Your objective: Set down the line containing "Forward Drone Flight" and each line after it through the last line of the records, exactly, leaving pictures out.

Source records:

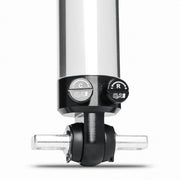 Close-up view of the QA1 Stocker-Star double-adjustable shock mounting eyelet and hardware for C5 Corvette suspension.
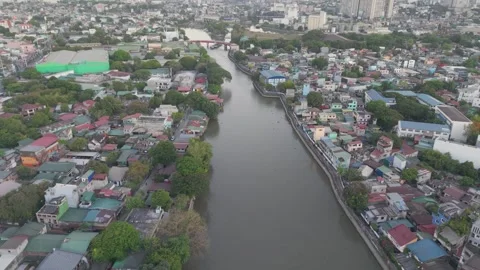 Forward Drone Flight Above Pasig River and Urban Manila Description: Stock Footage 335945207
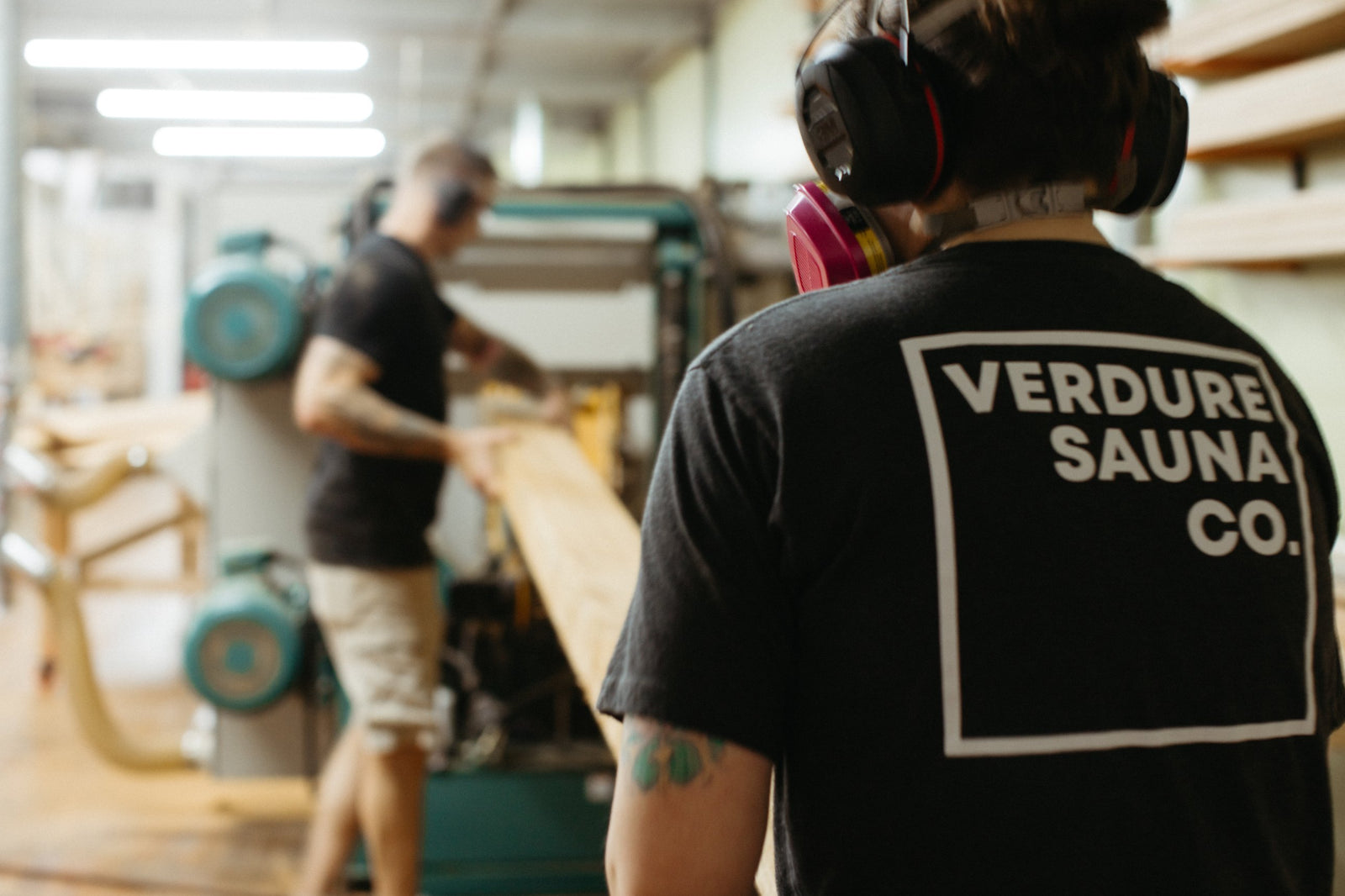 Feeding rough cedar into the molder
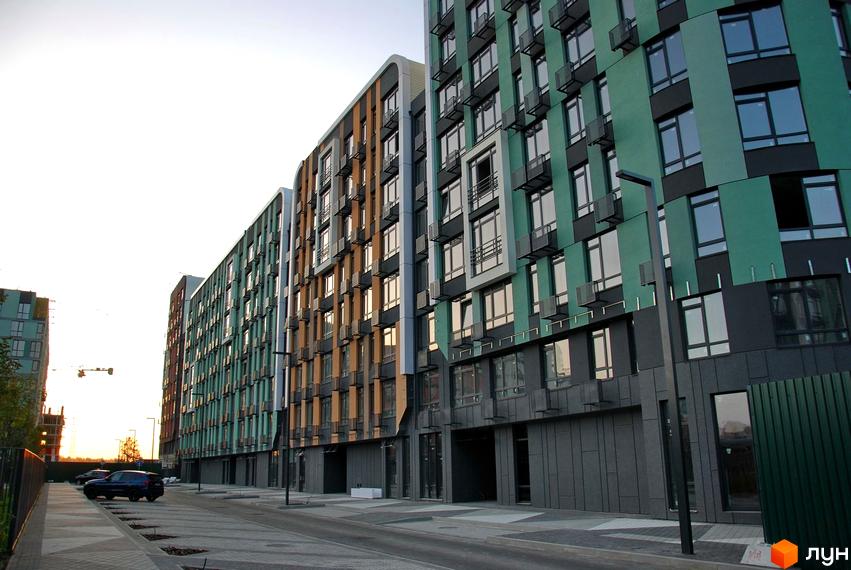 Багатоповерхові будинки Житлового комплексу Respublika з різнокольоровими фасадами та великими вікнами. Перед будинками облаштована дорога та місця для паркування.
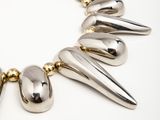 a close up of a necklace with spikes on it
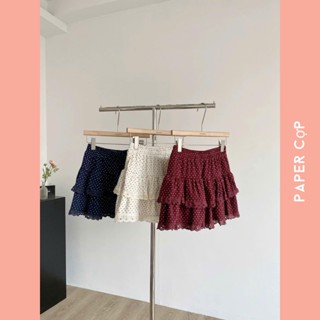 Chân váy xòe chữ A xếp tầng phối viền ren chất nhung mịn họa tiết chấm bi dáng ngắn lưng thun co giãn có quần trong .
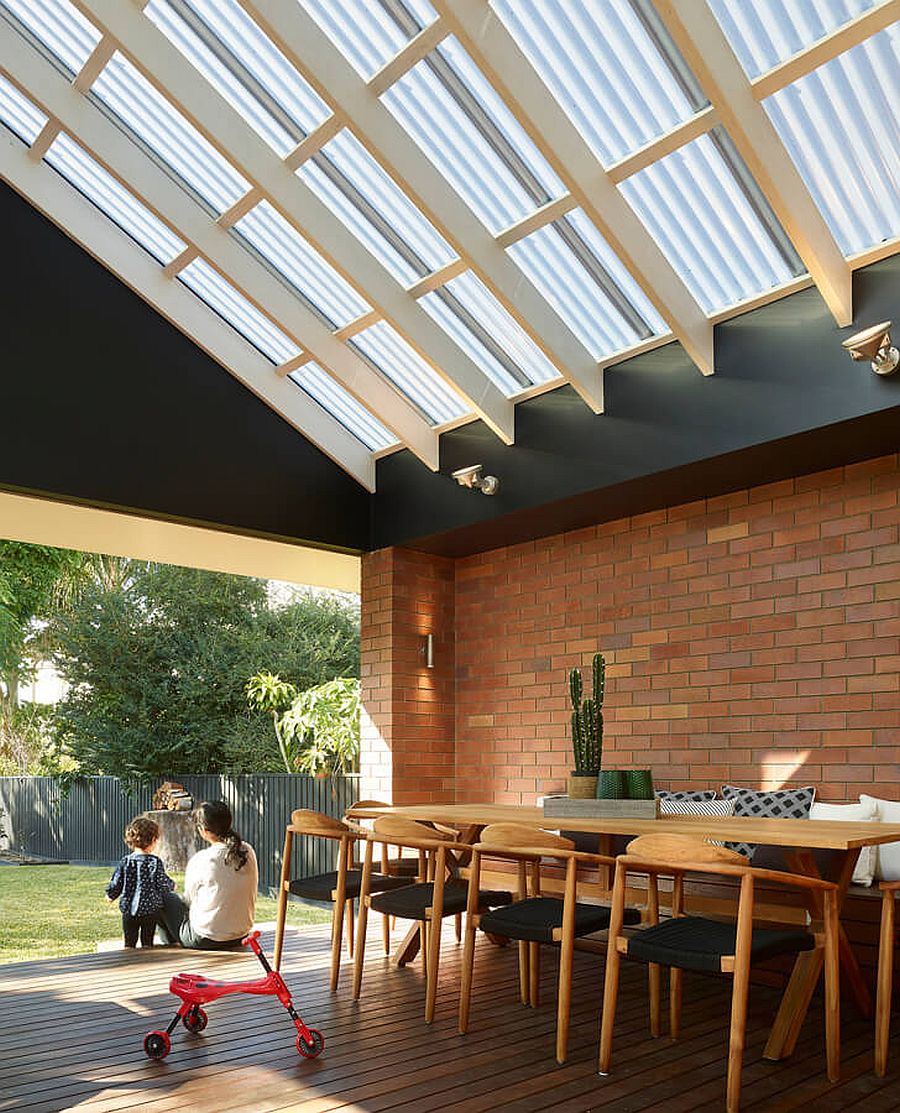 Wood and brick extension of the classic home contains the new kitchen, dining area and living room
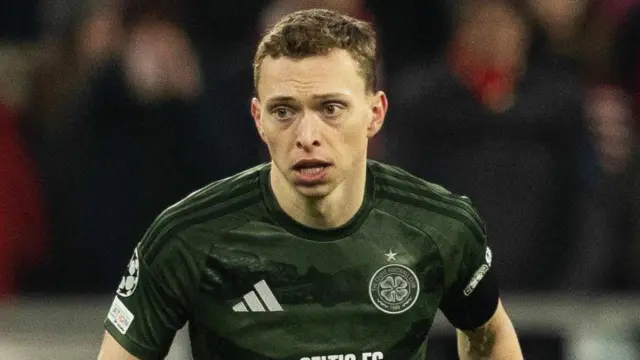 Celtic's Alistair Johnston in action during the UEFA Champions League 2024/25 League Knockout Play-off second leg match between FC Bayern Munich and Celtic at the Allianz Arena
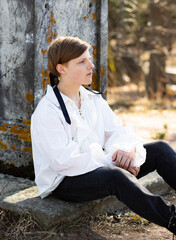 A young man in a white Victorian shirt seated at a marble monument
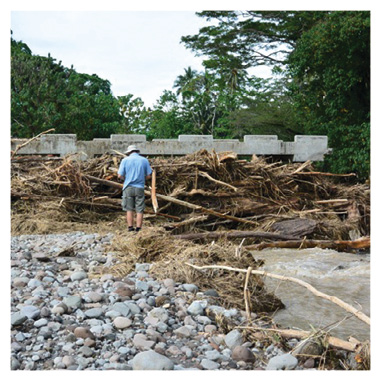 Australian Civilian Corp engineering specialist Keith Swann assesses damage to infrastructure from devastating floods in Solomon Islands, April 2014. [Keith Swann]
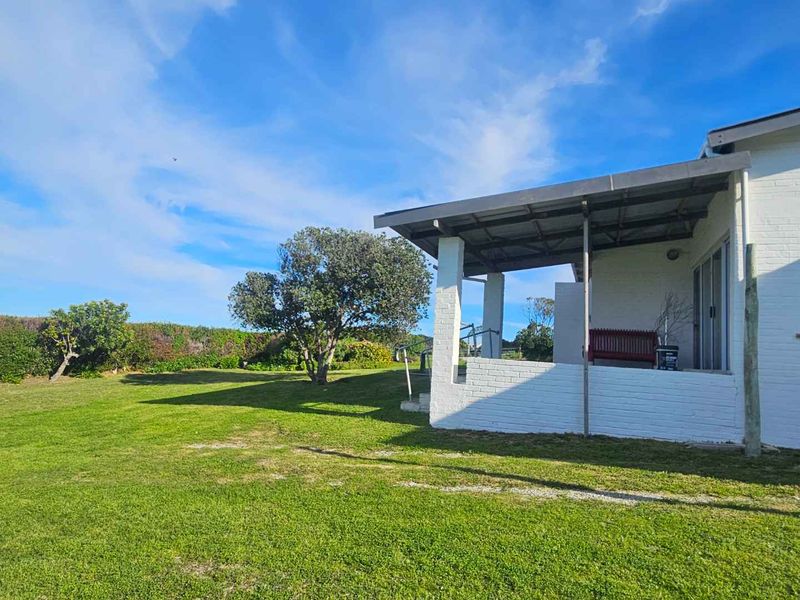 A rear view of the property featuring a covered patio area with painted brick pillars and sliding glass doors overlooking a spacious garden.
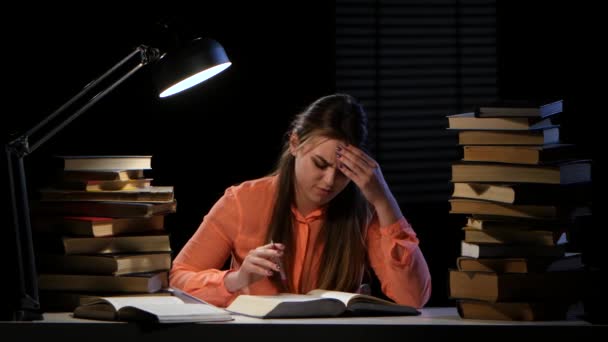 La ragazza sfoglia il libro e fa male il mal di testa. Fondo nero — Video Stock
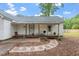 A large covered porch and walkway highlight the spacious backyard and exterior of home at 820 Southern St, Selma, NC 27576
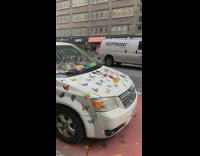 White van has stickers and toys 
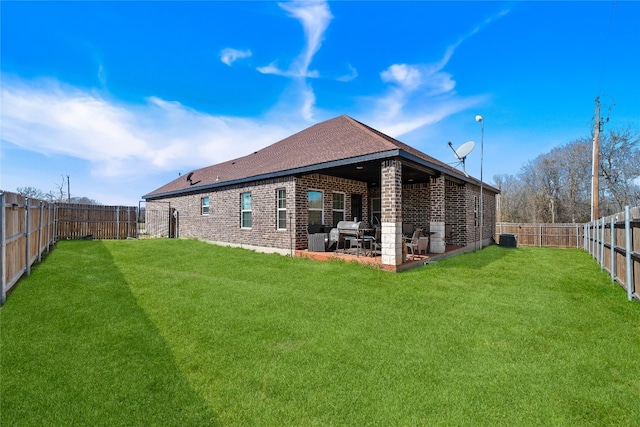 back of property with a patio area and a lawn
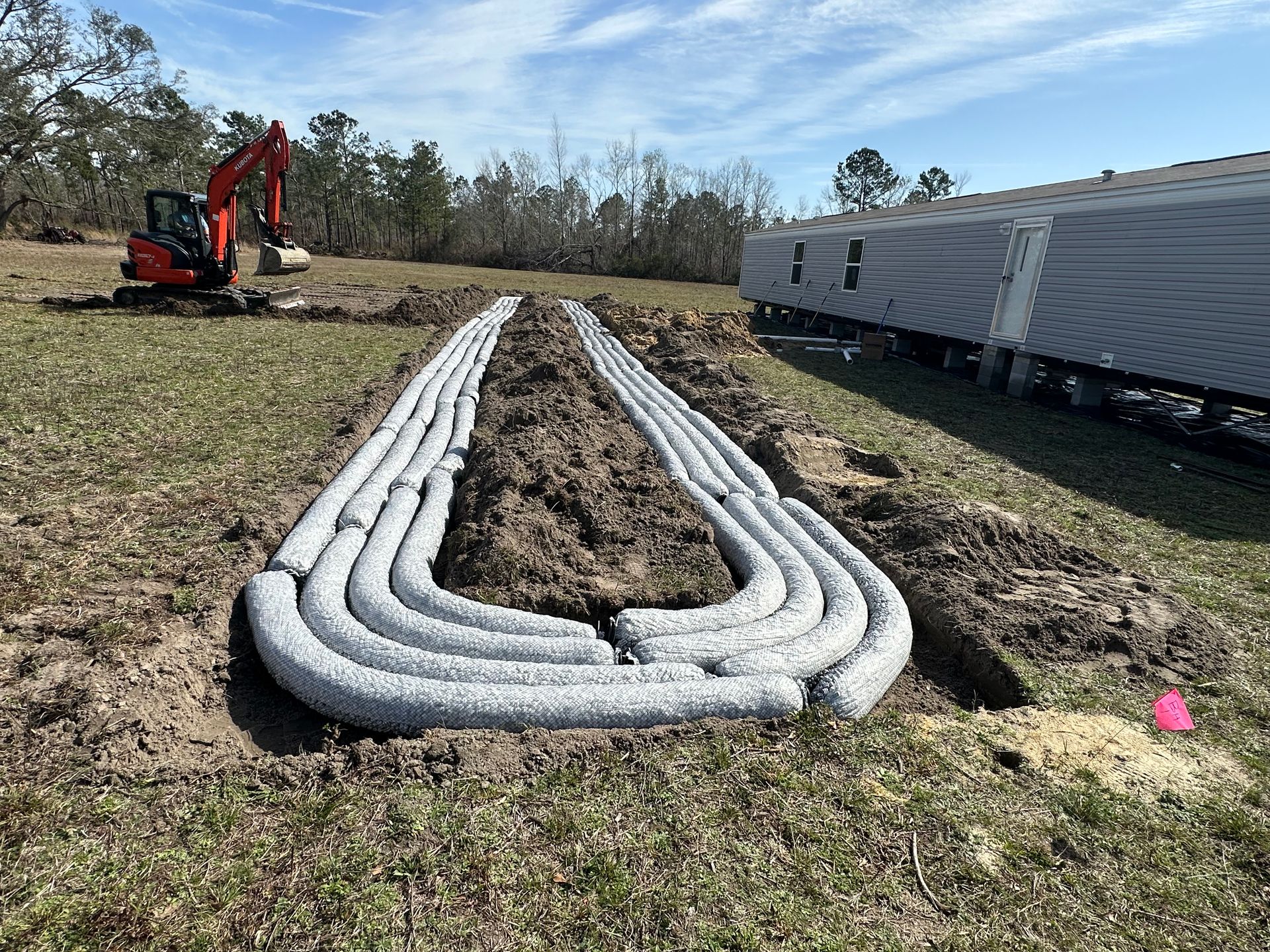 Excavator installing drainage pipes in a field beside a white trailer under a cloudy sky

Task response:
 Forward Drone Flight Above Pasig River and Urban Manila Description: Stock Footage 335945207
 Feeding rough cedar into the molder
 Багатоповерхові будинки Житлового комплексу Respublika з різнокольоровими фасадами та великими вікнами. Перед будинками облаштована дорога та місця для паркування.
 a close up of a necklace with spikes on it
 Chân váy xòe chữ A xếp tầng phối viền ren chất nhung mịn họa tiết chấm bi dáng ngắn lưng thun co giãn có quần trong .
 Wood and brick extension of the classic home contains the new kitchen, dining area and living room
 Celtic's Alistair Johnston in action during the UEFA Champions League 2024/25 League Knockout Play-off second leg match between FC Bayern Munich and Celtic at the Allianz Arena
 A young man in a white Victorian shirt seated at a marble monument
 Australian Civilian Corp engineering specialist Keith Swann assesses damage to infrastructure from devastating floods in Solomon Islands, April 2014. [Keith Swann]
 A rear view of the property featuring a covered patio area with painted brick pillars and sliding glass doors overlooking a spacious garden.
 La ragazza sfoglia il libro e fa male il mal di testa. Fondo nero — Video Stock
 A large covered porch and walkway highlight the spacious backyard and exterior of home at 820 Southern St, Selma, NC 27576
 White van has stickers and toys 
 back of property with a patio area and a lawn
 Excavator installing drainage pipes in a field beside a white trailer under a cloudy sky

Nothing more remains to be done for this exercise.